Daniela Mainetti, Elisabetta Marazzi e Alessia Todeschini.

Ascoltare chi… ascoltare cosa

“Certo che dallo scorso anno non è cambiato assolutamente niente… come se tutti i colloqui, gli incontri e i momenti di confronto fatti e le parole spese durante i momenti di accoglienza e ricongiungimento non fossero serviti assolutamente a niente”. Le parole di Antonella, educatrice del nido, sono cariche di delusione, un po’ di rabbia e anche un briciolo di esasperazione.

Con la collega Marisa sta parlando di Elisa, la mamma di Marco e Vittorio. Marco ha 2 anni e mezzo e frequenta il nido dall’anno precedente. Il bambino è sempre stato solare ed è sempre venuto volentieri al nido, così è accaduto nel primo anno e così è in questo secondo anno dopo le vacanze estive.

E poi c’è Vittorio, che ha 6 mesi e che ha iniziato a frequentare il nido a settembre, una frequenza che in questo momento dell’anno sta alternando momenti in cui sembra stare sufficientemente bene a momenti in cui palesa la fatica del distacco dal suo contesto familiare, la fatica del riconoscimento di un contesto nuovo, dettato dalla presenza di altri adulti, altri bambini e bambine, spazi diversi da quelli della propria casa e tempi della giornata che inevitabilmente si discostano da quelli consueti.
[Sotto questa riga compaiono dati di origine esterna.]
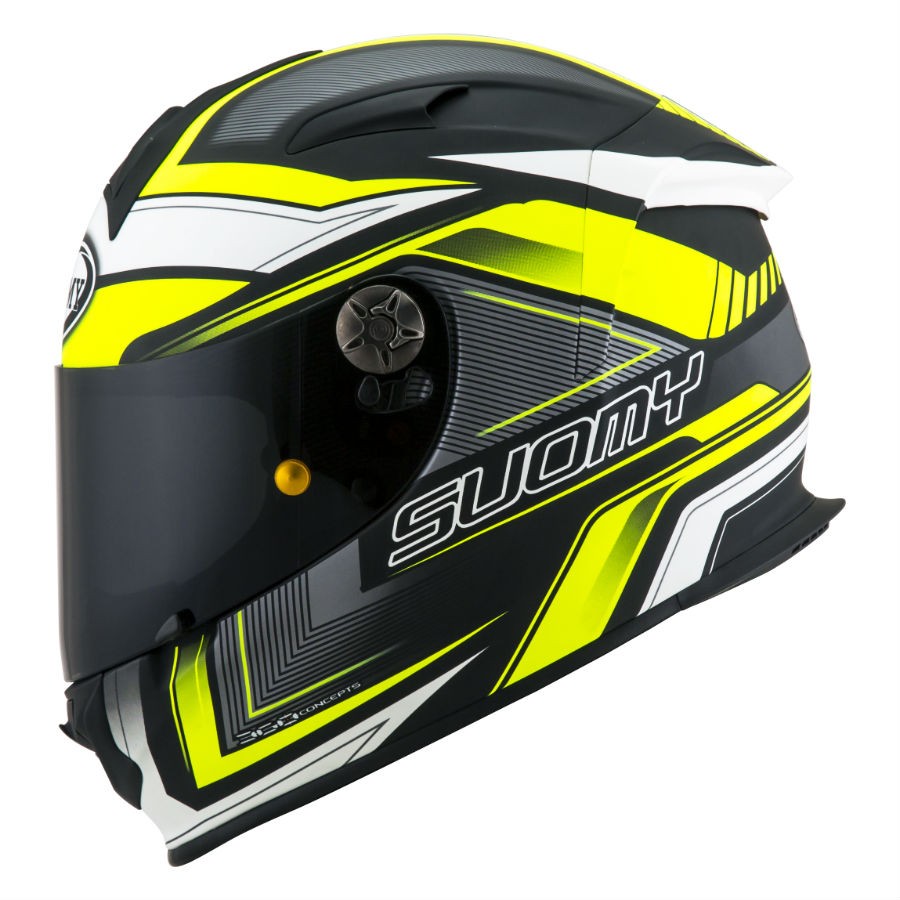 Casco integrale moto fibra carbonio Suomy Sr Sport Engine nero opaco giallo matt black yellow helmet casque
Antonella e Marisa avevano avuto modo di conoscere la mamma dei due bambini l’anno precedente e avevano accompagnato lei e Marco nel corso dell’ambientamento ed erano state i suoi riferimenti per tutto l’anno educativo. Nel corso di questo nuovo anno Marisa continua a essere educatrice di riferimento di Marco, mentre Antonella ha preso il gruppo dei piccoli e sta costruendo la relazione con Vittorio. Antonella sembra essere molto consapevole che Vittorio abbia bisogno di fare i suoi passaggi nel corso di questo ambientamento, i momenti di crisi li legge come momenti positivi rispetto ai quali coglie i passaggi e i piccoli cambiamenti che il bambino sta compiendo nel

corso della quotidianità, legge i frangenti di pianto come un’opportunità attraverso la quale poter dare vita a una buona relazione accogliendo e ascoltando le fatiche del bambino. In tutto questo Elisa sembra non accettare che il suo bambino non palesi quella sicurezza e quel benessere che forse lei si aspetterebbe e la conoscenza pregressa, costruita nell’arco di un anno, non pare sortire il benché minimo effetto dal punto di vista della relazione di fiducia.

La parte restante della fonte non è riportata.